I saw a blog post late last night and the writer was using NARS madly blush. She must have been around a NC35 and I wondered if any darker skinned ladies owned it?

Does it show up on darker skins or should I skip it? I'm a NC540 and looks so nice! Does it have a visible sheen to it? I won't have time to get to a NARS counter for a few days hence why I'm asking you experts and possibly saving myself a trip 
	

	
	
		
		

		
			





Thank you


----------



## Twinkle_Twinkle (Oct 25, 2009)

I'm NW45 and I have Madly.  Honestly, it isn't a must have, I am just a NARS blush whore and wanted it.  It's going to be more of a highlight than anything on darker skins.  It's not ashy at all and it's not overly bright or shimmery and has a nice multi-colored shimmer.


----------



## GlamQueen21 (Oct 25, 2009)

I swatched Madly blush at Sephora today and it looks amazing!

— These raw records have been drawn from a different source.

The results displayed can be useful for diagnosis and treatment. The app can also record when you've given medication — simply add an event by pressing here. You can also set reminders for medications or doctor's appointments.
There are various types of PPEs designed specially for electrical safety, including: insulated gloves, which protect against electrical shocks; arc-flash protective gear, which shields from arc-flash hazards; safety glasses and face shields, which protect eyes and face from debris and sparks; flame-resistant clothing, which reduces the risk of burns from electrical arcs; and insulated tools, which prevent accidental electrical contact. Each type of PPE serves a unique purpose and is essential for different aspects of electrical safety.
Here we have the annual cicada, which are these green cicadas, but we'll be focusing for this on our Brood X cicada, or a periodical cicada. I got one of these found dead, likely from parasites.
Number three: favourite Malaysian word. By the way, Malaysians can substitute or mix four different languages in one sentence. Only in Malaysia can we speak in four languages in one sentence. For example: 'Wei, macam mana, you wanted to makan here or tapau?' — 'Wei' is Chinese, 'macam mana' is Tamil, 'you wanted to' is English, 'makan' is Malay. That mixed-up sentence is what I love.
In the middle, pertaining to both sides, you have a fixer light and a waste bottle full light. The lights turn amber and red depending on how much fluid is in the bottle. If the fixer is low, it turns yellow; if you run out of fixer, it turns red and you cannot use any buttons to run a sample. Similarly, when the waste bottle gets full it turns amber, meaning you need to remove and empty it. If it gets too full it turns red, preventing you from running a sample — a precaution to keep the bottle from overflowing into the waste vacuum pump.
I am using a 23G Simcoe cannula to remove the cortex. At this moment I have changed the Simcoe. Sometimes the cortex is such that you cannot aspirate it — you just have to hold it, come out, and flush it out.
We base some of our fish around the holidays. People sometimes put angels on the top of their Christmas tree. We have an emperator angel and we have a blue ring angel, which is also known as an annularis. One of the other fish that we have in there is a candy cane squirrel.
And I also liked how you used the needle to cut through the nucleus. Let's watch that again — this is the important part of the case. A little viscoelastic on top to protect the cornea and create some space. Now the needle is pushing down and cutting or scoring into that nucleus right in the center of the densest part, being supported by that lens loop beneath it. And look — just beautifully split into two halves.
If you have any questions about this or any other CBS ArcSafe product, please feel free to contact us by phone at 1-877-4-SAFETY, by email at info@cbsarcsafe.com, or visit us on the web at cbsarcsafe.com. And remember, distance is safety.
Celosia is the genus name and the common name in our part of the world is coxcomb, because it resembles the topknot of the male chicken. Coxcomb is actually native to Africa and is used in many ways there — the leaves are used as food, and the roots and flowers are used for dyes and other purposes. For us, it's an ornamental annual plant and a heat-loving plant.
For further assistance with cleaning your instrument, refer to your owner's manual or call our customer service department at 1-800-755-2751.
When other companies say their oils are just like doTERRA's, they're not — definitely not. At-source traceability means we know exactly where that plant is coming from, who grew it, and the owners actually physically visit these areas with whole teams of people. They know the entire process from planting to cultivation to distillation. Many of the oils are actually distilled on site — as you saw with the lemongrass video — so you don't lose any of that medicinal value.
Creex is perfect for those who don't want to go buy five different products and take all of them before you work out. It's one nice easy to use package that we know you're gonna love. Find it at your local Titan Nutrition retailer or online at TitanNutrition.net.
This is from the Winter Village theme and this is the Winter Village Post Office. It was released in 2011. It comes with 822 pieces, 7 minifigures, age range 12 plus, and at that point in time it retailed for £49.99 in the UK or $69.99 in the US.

Like Twinkle_Twinkle said, it's going to be more of a highlight and I'm the same skintone as you or maybe a bit darker than you.


----------



## Blushbaby (Oct 25, 2009)

Thanks for the replies ladies. Sounds like I may be better off jsut using my Black Radiance Mosaic bronzer instead. I'll make a note to swatch it whenever I happen to be near NARS again but won't make a special journey to the counter.


----------